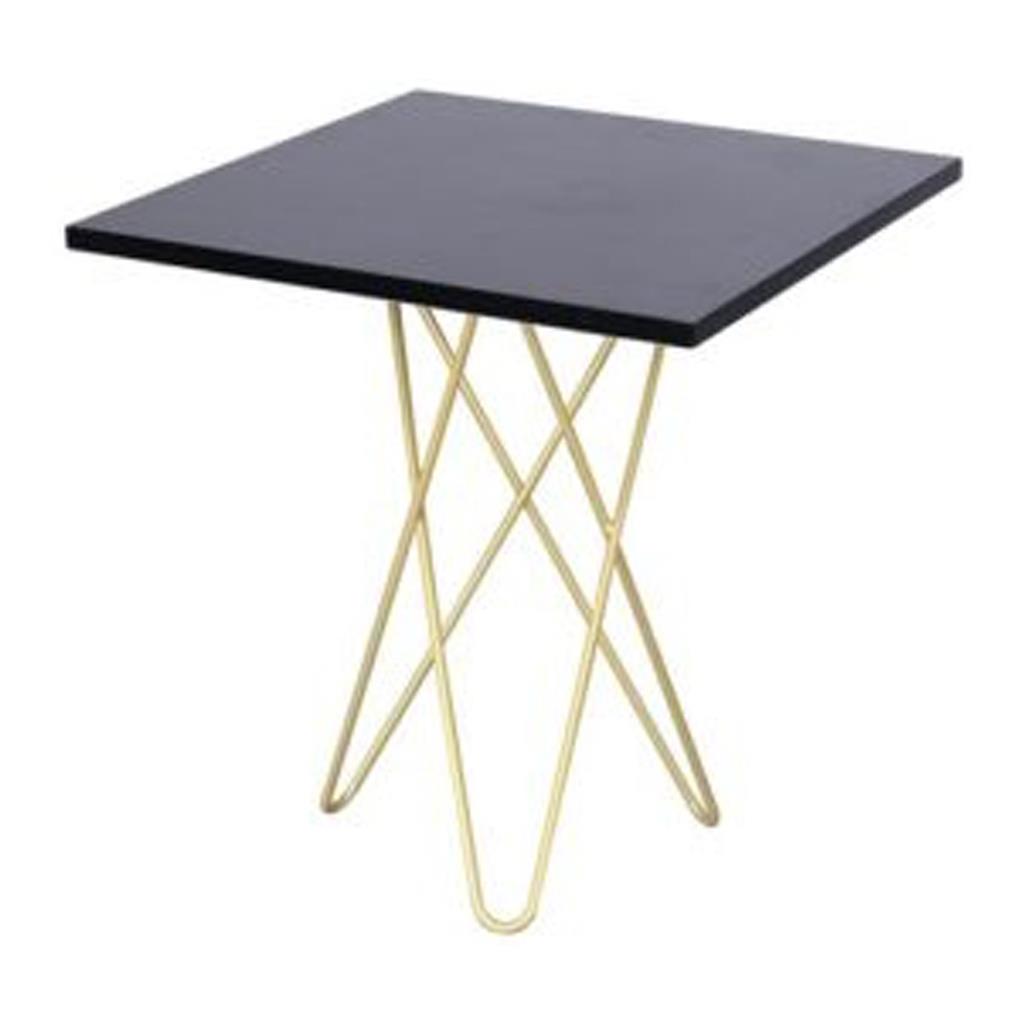 Bistrotisch Chloe schwarz 70x70, Höhe 72cm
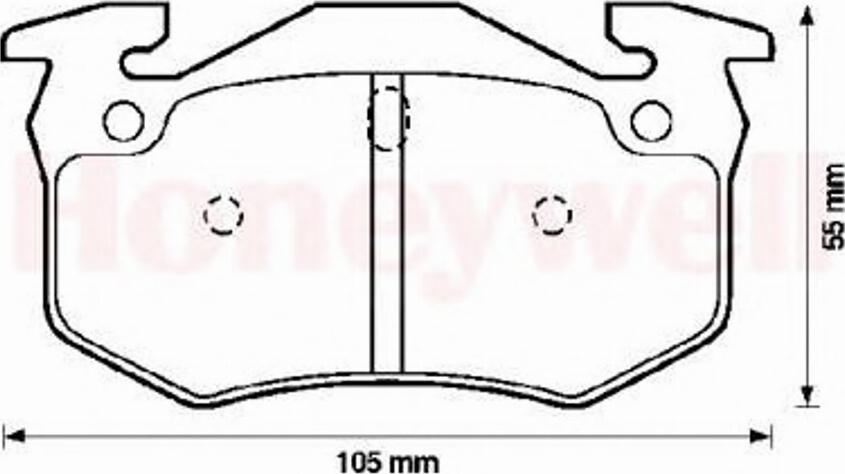 BENDIX 571747B - Kit de plaquettes de frein, frein à disque cwaw.fr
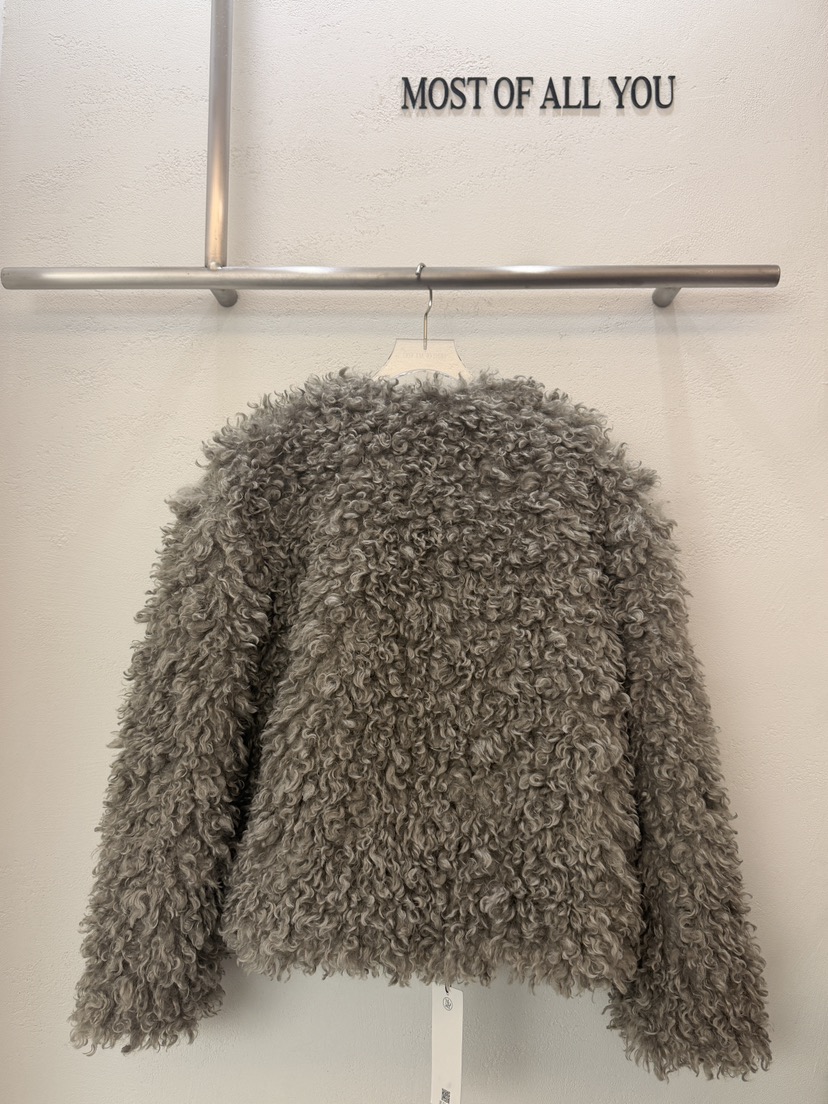 MOST OF ALL U韓國直郵㊣女士新款時尚休閑短款大衣羊駝MOST OF ALL U短款大衣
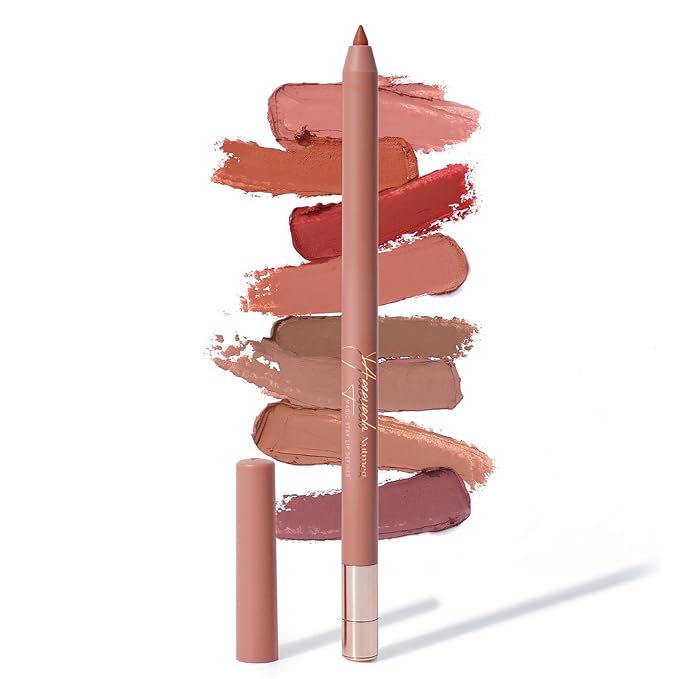 Brown Lip Liner, Retractable Waterproof Lipliner Dark Brown, Long Lasting Gel Lip Liner for Lip Contour, Creamy and Soft, Longwear for 24H, High Pigmented (Nutmeg)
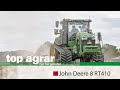 Lastschaltgetriebe e23 in einer Vollraupe - John Deere 8RT 410 im top agrar Praxistest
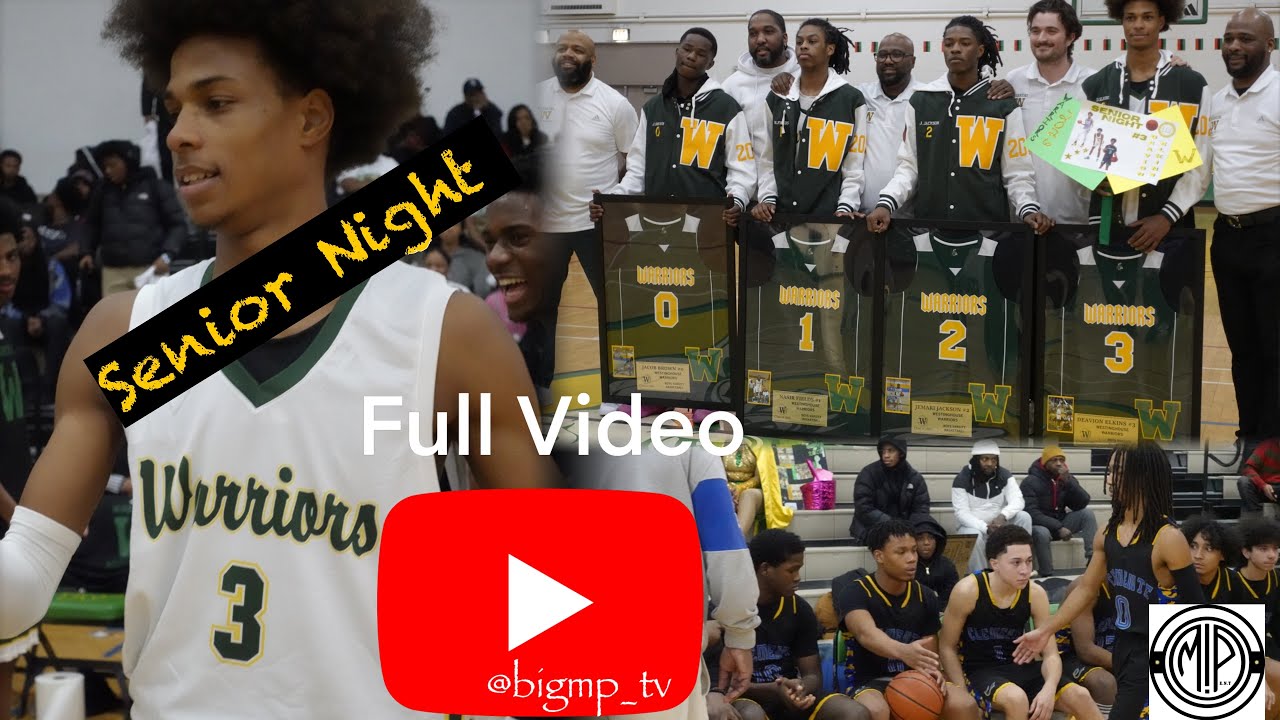 Senior Night: Westinghouse vs Clemente 2026 🏀Season #mptv #highschoolhoops #roadto1ksubs 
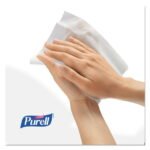 Hero image 0 of PURELL Sanitizing Hand Wipes, Individually Wrapped, 5 x 7, Unscented, White, 100/Box , Each, 0 of 6    Flash Deal Popular pick PURELL PURELL Sanitizing Hand Wipes, Individually Wrapped, 5 x 7, Unscented, White, 100/Box , Each - Image 2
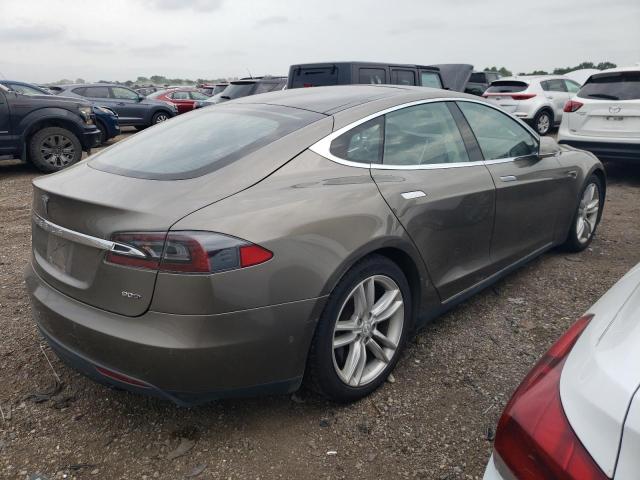 5YJSA1E29FF113302 - 2015 TESLA MODEL S TAN photo 3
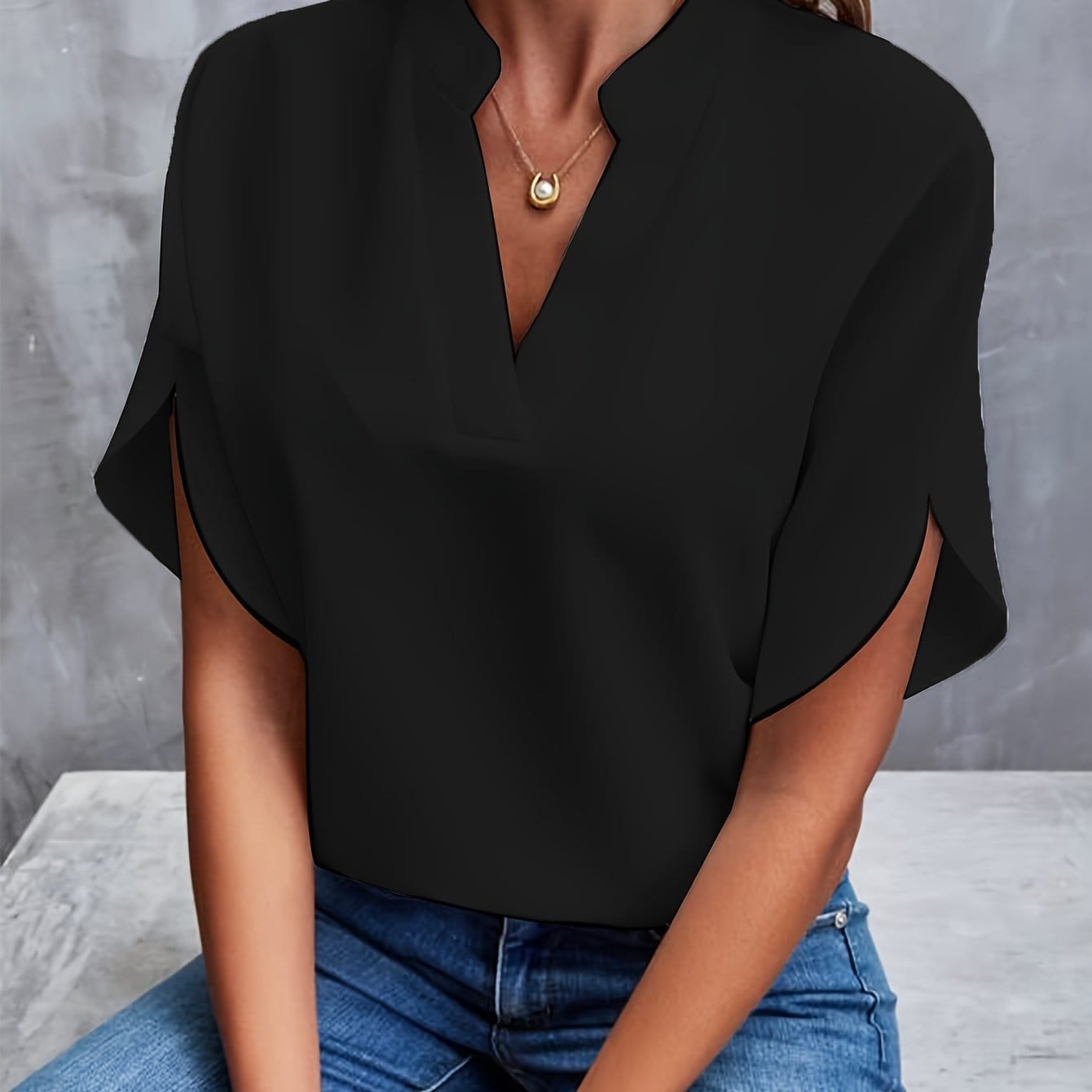 ELIANA™ – DRAPERET BLUSE MED ELEGANT FALD OG TIDSLØS STIL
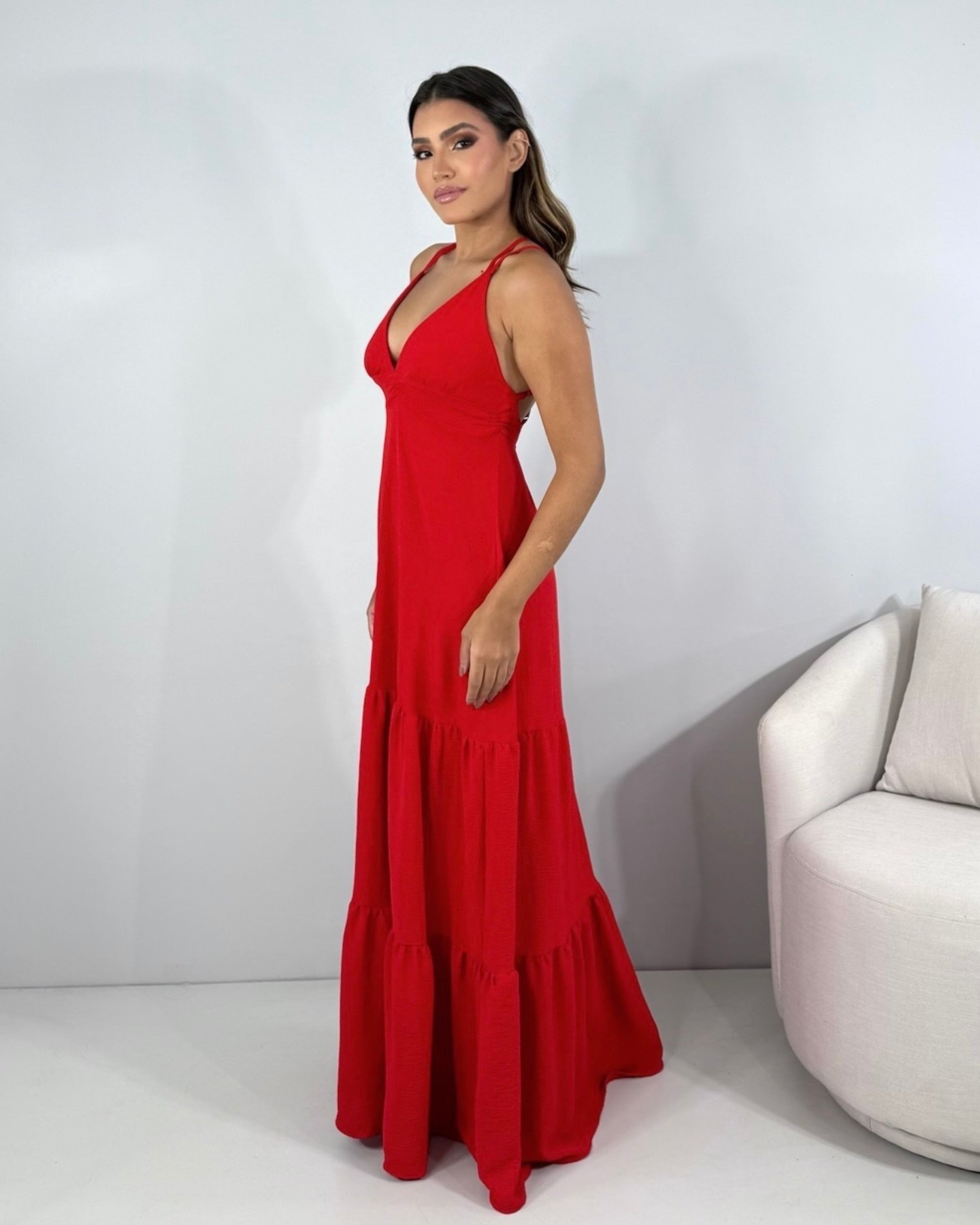 Vestido Noely - Vermelho - Image 2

********************

Although the records above contain pictures, output every line exactly and leave the pictures out.

### ANSWER BOX
 Bistrotisch Chloe schwarz 70x70, Höhe 72cm
 BENDIX 571747B - Kit de plaquettes de frein, frein à disque cwaw.fr
 MOST OF ALL U韓國直郵㊣女士新款時尚休閑短款大衣羊駝MOST OF ALL U短款大衣
 Brown Lip Liner, Retractable Waterproof Lipliner Dark Brown, Long Lasting Gel Lip Liner for Lip Contour, Creamy and Soft, Longwear for 24H, High Pigmented (Nutmeg)
 Lastschaltgetriebe e23 in einer Vollraupe - John Deere 8RT 410 im top agrar Praxistest
 Senior Night: Westinghouse vs Clemente 2026 🏀Season #mptv #highschoolhoops #roadto1ksubs 
 Hero image 0 of PURELL Sanitizing Hand Wipes, Individually Wrapped, 5 x 7, Unscented, White, 100/Box , Each, 0 of 6    Flash Deal Popular pick PURELL PURELL Sanitizing Hand Wipes, Individually Wrapped, 5 x 7, Unscented, White, 100/Box , Each - Image 2
 5YJSA1E29FF113302 - 2015 TESLA MODEL S TAN photo 3
 ELIANA™ – DRAPERET BLUSE MED ELEGANT FALD OG TIDSLØS STIL
 Vestido Noely - Vermelho - Image 2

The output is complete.